SPRING HOPE, N.C. — Though an overwhelming majority of North Carolina sweet potatoes find their way to supermarkets and restaurant tables, the processed market is showing increasing demand.
Thomas Joyner, general manager of Nash Produce Co., Nashville, said processing demand keeps increasing.
He said there is a lot of opportunity to increase processing demand.
Joyner points to Burger King adding sweet potato fries to its menus and noted how the Sonic Drive-Ins are adding sweet potato Tater Tots.
“There’s a lot of opportunity for sweet potatoes to gain footing and really do well.,” Joyner said. “Retail stores have end caps of waffle fries and hash browns.

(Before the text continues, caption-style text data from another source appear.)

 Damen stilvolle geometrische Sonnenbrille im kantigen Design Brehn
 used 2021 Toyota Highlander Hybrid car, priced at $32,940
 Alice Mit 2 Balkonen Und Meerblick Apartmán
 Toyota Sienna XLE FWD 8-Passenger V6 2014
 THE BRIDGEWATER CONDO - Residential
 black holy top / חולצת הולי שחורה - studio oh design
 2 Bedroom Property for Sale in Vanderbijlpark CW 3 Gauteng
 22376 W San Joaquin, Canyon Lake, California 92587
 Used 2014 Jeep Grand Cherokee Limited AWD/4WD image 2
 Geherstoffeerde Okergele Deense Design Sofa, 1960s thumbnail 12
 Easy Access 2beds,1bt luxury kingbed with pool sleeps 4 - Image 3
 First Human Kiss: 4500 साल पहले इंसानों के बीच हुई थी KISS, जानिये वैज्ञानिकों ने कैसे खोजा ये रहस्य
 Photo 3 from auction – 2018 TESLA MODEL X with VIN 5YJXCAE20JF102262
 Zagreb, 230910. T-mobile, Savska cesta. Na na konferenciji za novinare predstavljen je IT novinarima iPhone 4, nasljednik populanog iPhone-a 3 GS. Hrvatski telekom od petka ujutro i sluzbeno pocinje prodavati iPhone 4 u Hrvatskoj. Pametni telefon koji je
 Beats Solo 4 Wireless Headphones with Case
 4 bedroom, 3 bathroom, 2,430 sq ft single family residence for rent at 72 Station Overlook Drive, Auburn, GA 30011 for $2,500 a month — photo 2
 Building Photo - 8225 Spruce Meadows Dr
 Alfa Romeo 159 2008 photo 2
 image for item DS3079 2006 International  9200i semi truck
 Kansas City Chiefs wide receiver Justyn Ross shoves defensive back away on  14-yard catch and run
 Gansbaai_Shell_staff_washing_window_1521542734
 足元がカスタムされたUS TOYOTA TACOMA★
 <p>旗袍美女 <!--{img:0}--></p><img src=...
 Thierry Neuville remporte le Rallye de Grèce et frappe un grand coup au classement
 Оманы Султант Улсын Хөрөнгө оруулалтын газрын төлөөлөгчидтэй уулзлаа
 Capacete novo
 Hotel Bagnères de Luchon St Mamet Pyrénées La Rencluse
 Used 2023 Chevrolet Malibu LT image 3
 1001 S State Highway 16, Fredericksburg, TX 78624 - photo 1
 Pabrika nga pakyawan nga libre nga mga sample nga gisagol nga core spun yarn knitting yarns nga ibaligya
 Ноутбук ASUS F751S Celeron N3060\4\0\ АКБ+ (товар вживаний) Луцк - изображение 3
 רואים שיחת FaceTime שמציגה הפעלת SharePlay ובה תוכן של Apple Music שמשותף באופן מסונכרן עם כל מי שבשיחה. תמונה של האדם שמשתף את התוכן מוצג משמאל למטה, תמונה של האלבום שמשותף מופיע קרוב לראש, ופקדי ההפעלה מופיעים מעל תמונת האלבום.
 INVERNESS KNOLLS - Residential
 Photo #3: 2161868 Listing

Five years ago, you couldn’t find a bag of (frozen) sweet potatoes. It’s set to itself and is the new potato. Everything they’ve done with russets, they’re doing with sweet potatoes. It’s added an entirely different facet to the industry.”
Joyner said processing demand constitutes about 12% of Nash’s sales.
Grower-shippers say the explosion of value-added fresh-cut product along with frozen cubes, mesh and other processed products help boost fresh sales.
“The fresh is growing really big because the frozen sweet potato french fry has been a big category in the U.S.,” said George Wooten, president of Wayne E. Bailey Produce Co., Chadbourn. “Processing helps grow fresh. A lot of these processors have a lot of money. They have been advertising in magazines. Any time you use the word sweet potato, it helps all categories.”
Stewart Precythe, president and chief executive officer of Southern Produce Distributors Inc., Faison, said some giant food processors supply McDonald’s and other quick-service outlets with french fried sweet potatoes and other products.
“It used to be mostly baby food,” Precythe said. “Now, all segments of the processed industry are interested. I don’t know any segment of the processed industry that’s not looking at them or getting into them.”
Burch Farms, Faison, is seeing an increasing pull from processed market buyers.
“We have already had our meetings with people this year, booking poundings,” Jimmy Burch Jr., salesman, said in late August. “They’re all saying they may need more this year than last year. They’re being very aggressive going after new customers and expanding the deal.”
Processing demand constitutes 35% to 40% of Burch’s sales and represents a growing segment, he said.